═════ Data listing ═════

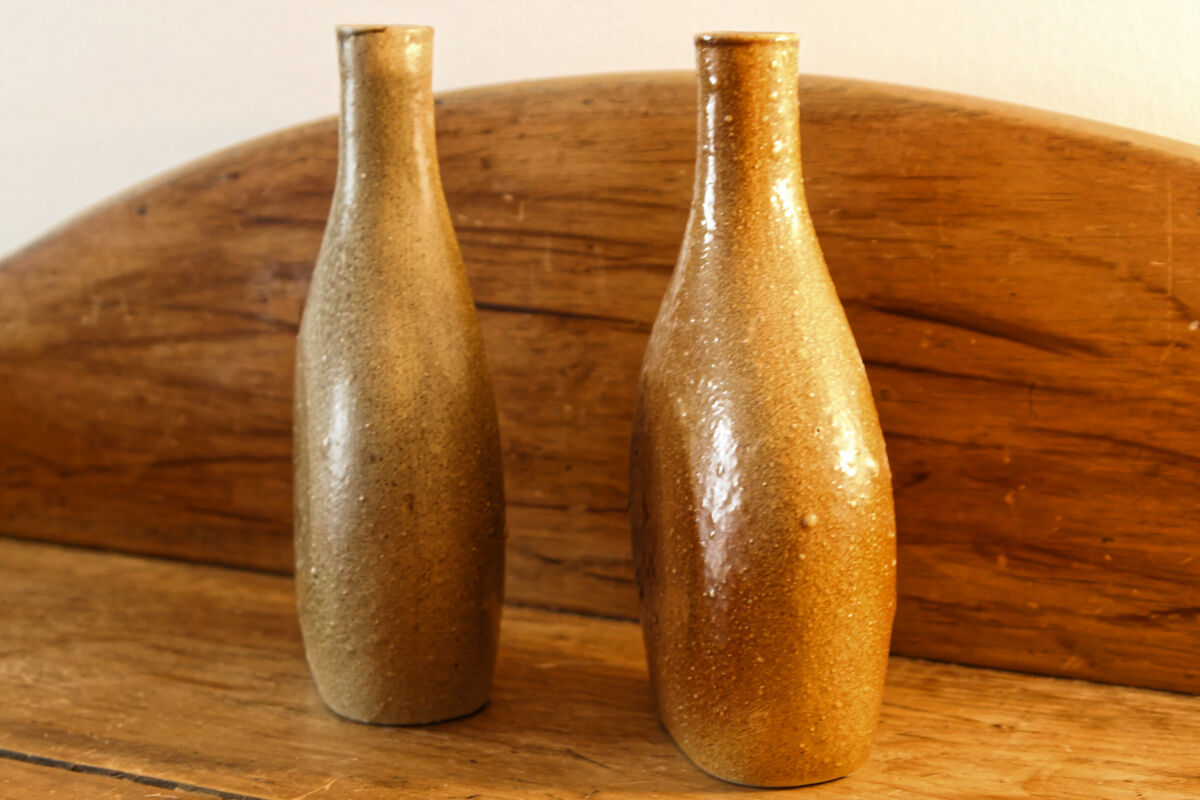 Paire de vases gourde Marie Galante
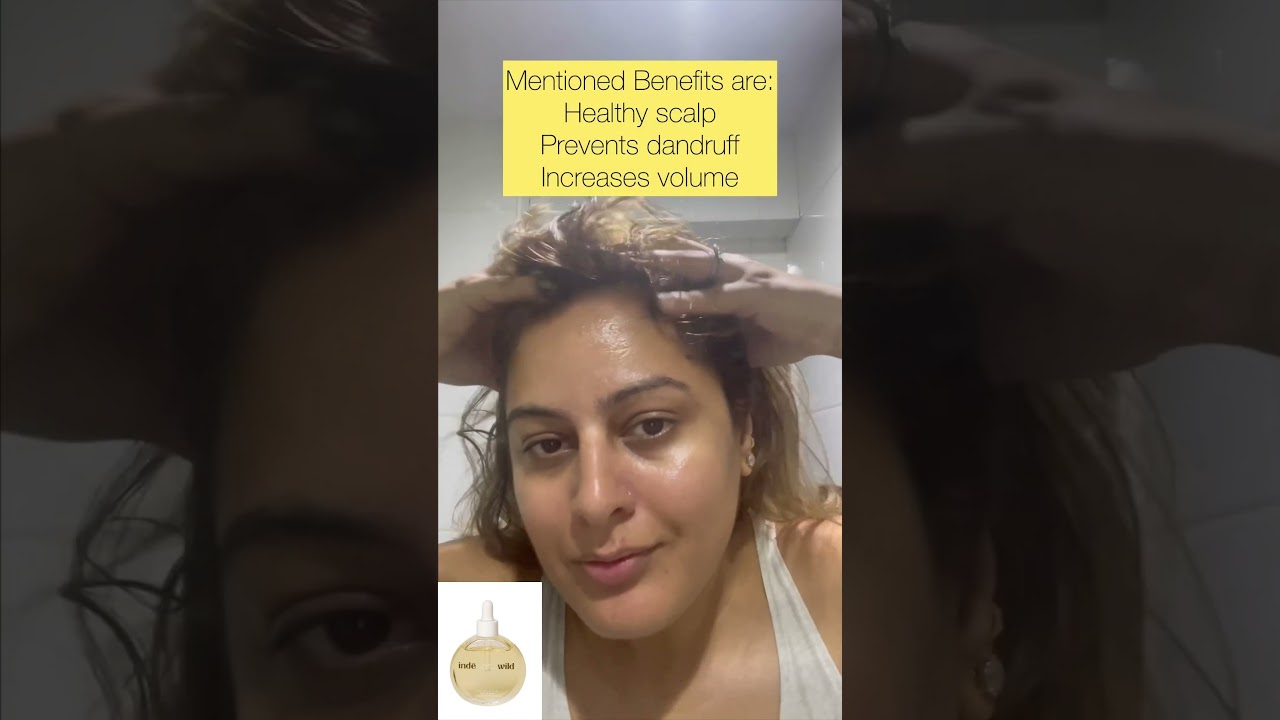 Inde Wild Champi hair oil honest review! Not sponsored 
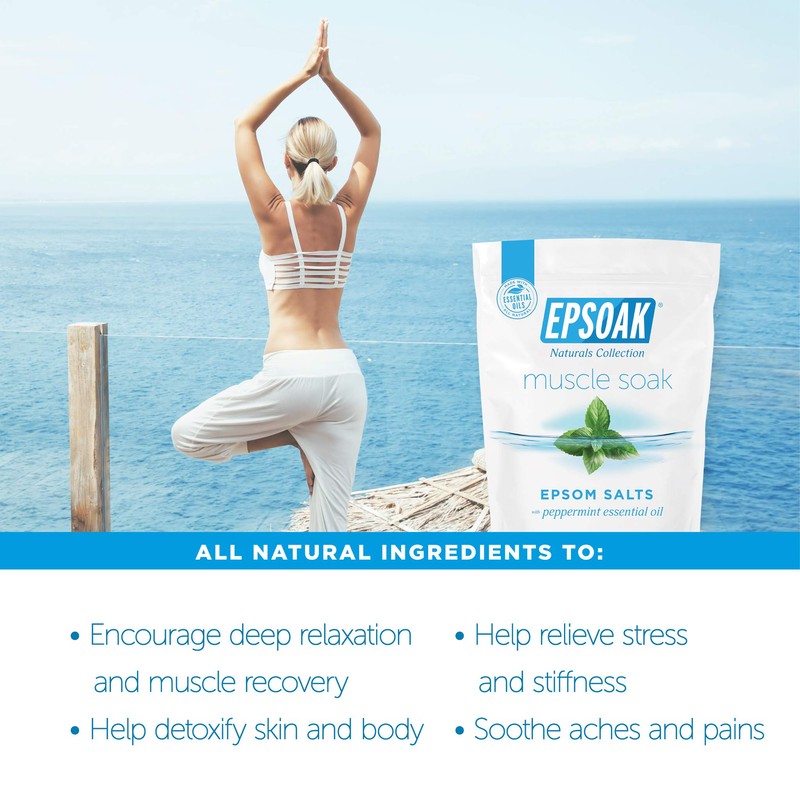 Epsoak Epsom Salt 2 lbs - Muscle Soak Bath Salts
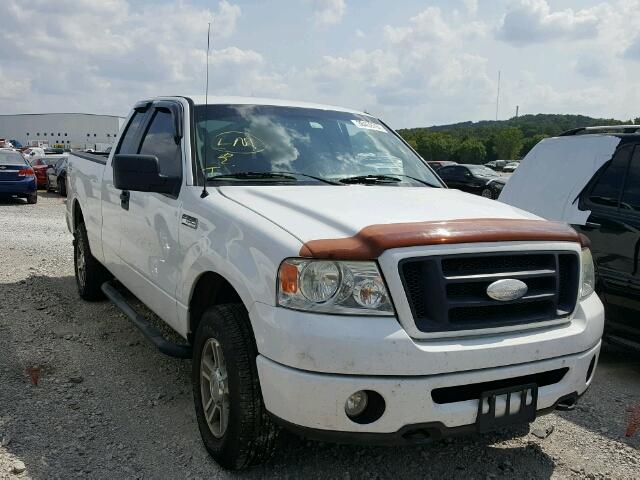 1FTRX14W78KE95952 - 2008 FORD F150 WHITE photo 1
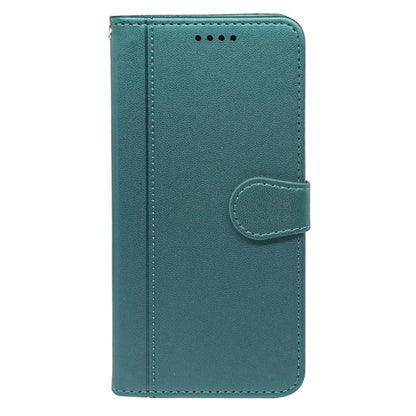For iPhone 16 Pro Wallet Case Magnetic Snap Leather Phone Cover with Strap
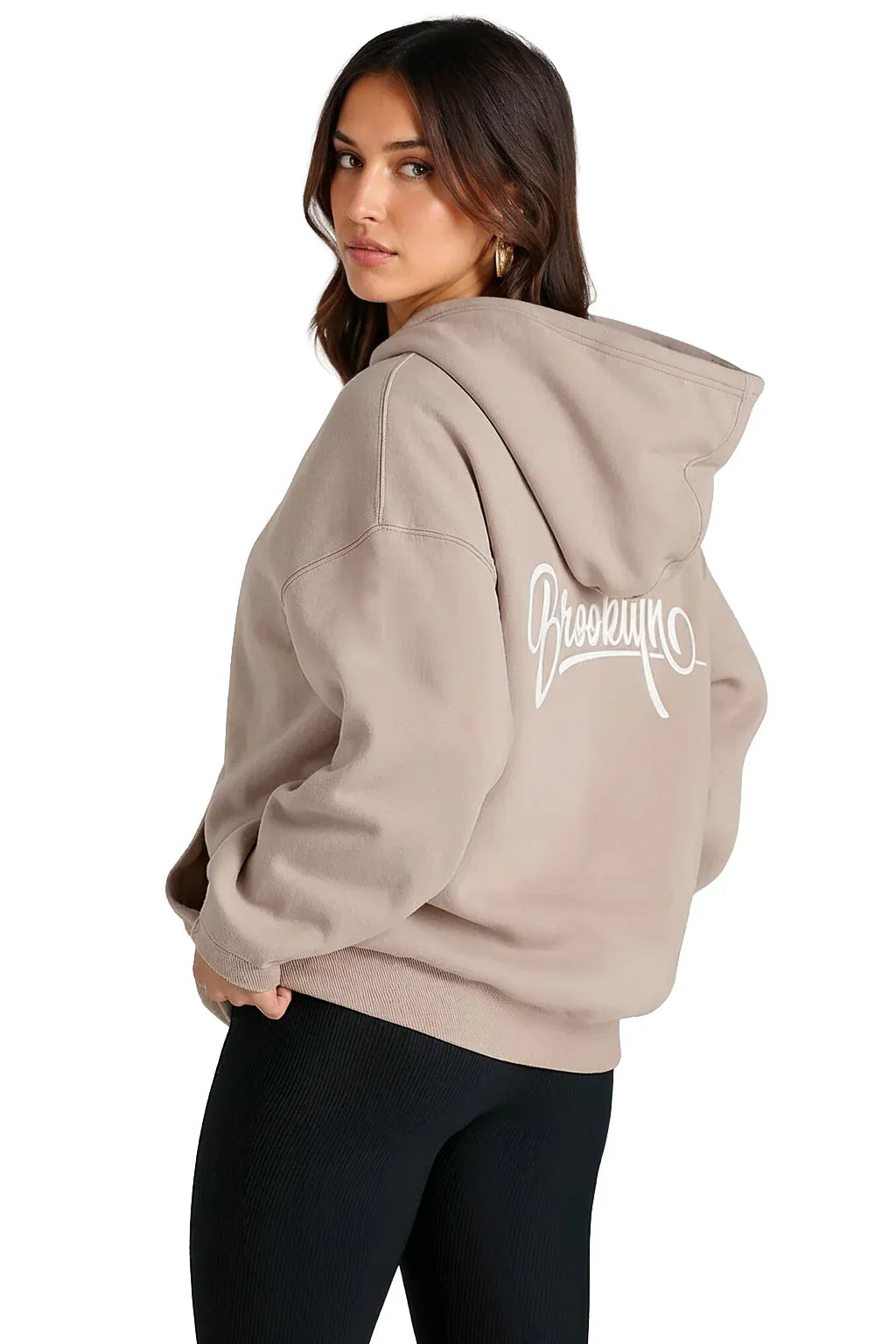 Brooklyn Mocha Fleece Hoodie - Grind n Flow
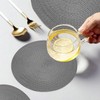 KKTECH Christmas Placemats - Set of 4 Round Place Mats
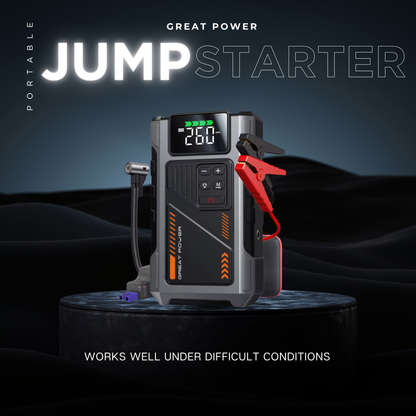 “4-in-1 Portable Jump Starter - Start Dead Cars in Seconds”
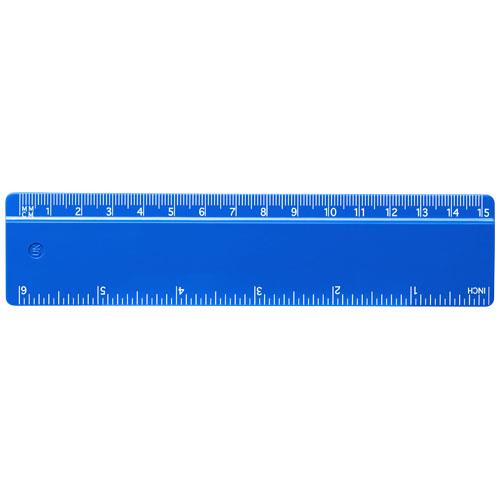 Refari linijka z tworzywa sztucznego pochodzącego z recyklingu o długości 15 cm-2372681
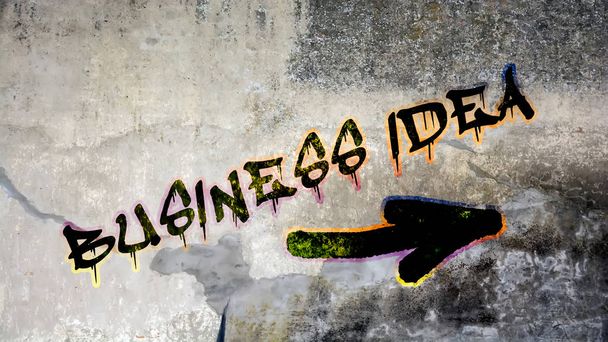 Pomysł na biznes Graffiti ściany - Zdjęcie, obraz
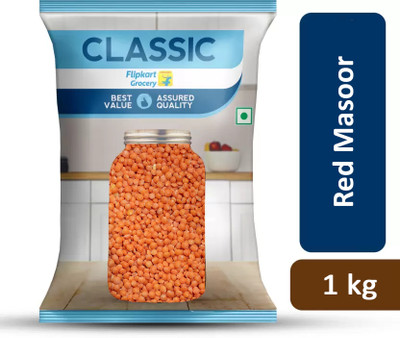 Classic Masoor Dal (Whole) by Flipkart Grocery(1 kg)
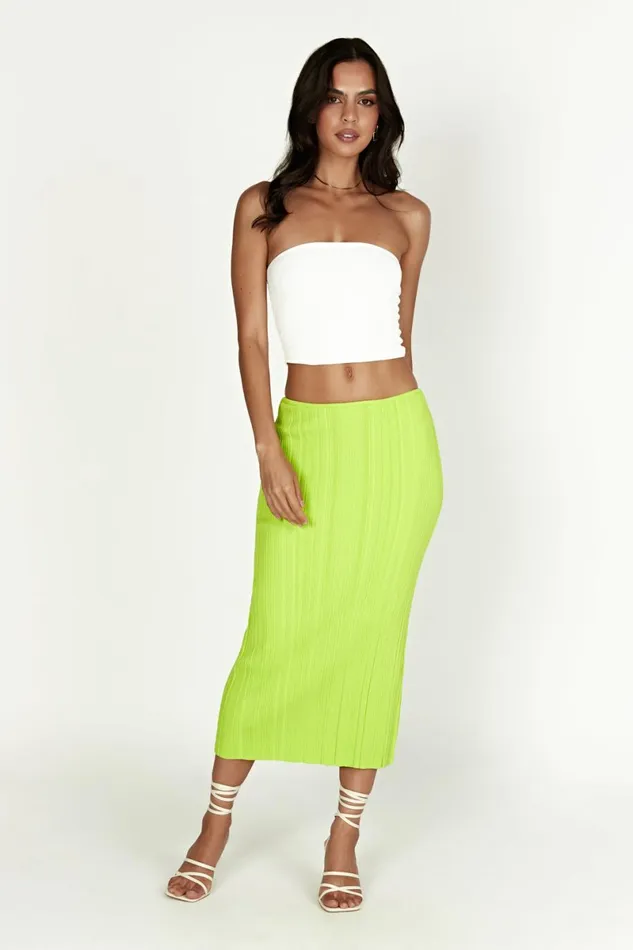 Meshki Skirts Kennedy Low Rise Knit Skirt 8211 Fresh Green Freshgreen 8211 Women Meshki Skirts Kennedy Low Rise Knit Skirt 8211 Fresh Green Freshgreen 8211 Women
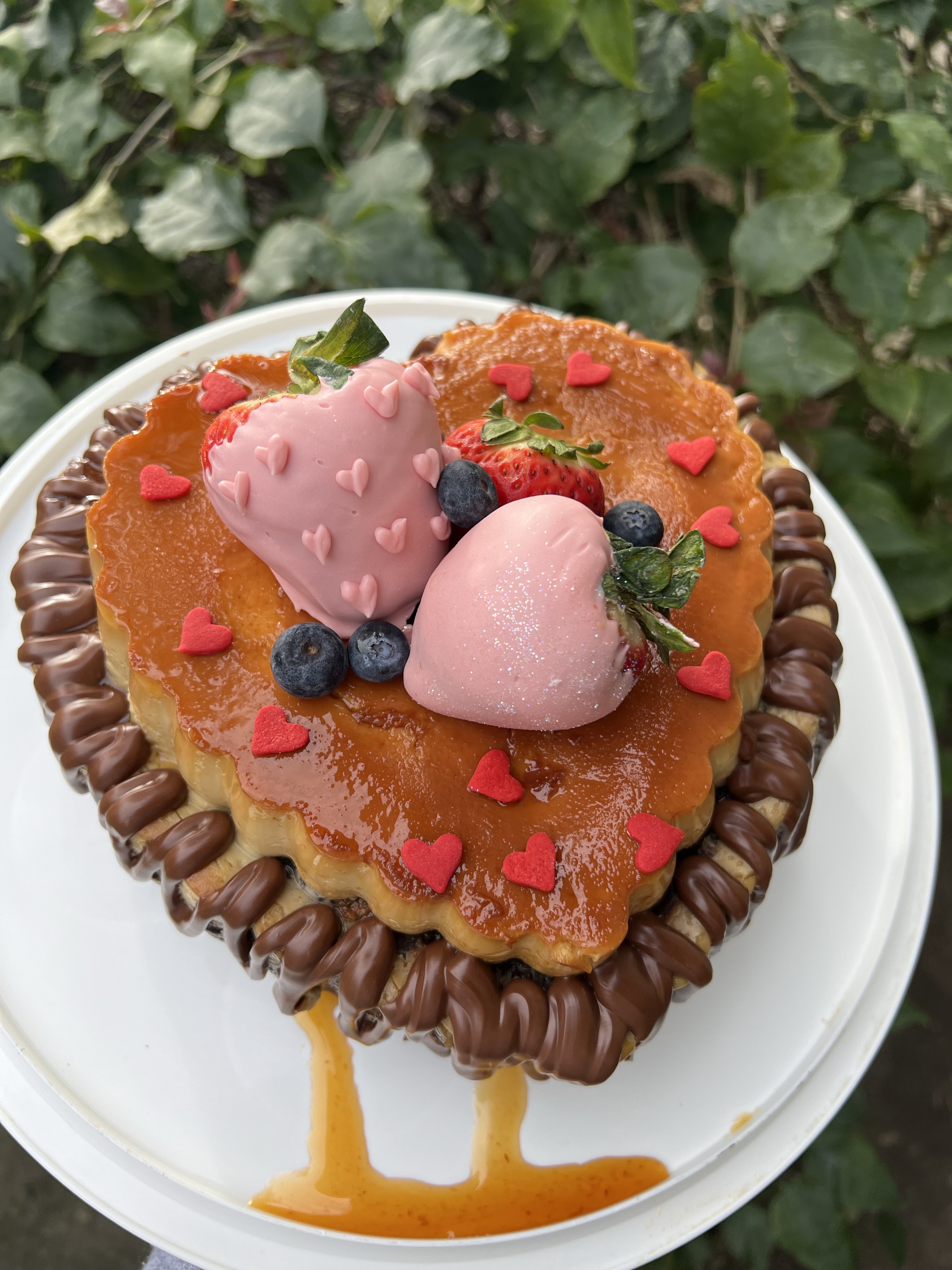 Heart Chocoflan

═════

__Exercise description__
All entries, top to bottom, should be retyped exactly; the pictures should not be.

__Response area__
 Paire de vases gourde Marie Galante
 Inde Wild Champi hair oil honest review! Not sponsored 
 Epsoak Epsom Salt 2 lbs - Muscle Soak Bath Salts
 1FTRX14W78KE95952 - 2008 FORD F150 WHITE photo 1
For iPhone 16 Pro Wallet Case Magnetic Snap Leather Phone Cover with Strap
 Brooklyn Mocha Fleece Hoodie - Grind n Flow
 KKTECH Christmas Placemats - Set of 4 Round Place Mats
 “4-in-1 Portable Jump Starter - Start Dead Cars in Seconds”
 Refari linijka z tworzywa sztucznego pochodzącego z recyklingu o długości 15 cm-2372681
 Pomysł na biznes Graffiti ściany - Zdjęcie, obraz
 Classic Masoor Dal (Whole) by Flipkart Grocery(1 kg)
 Meshki Skirts Kennedy Low Rise Knit Skirt 8211 Fresh Green Freshgreen 8211 Women Meshki Skirts Kennedy Low Rise Knit Skirt 8211 Fresh Green Freshgreen 8211 Women
 Heart Chocoflan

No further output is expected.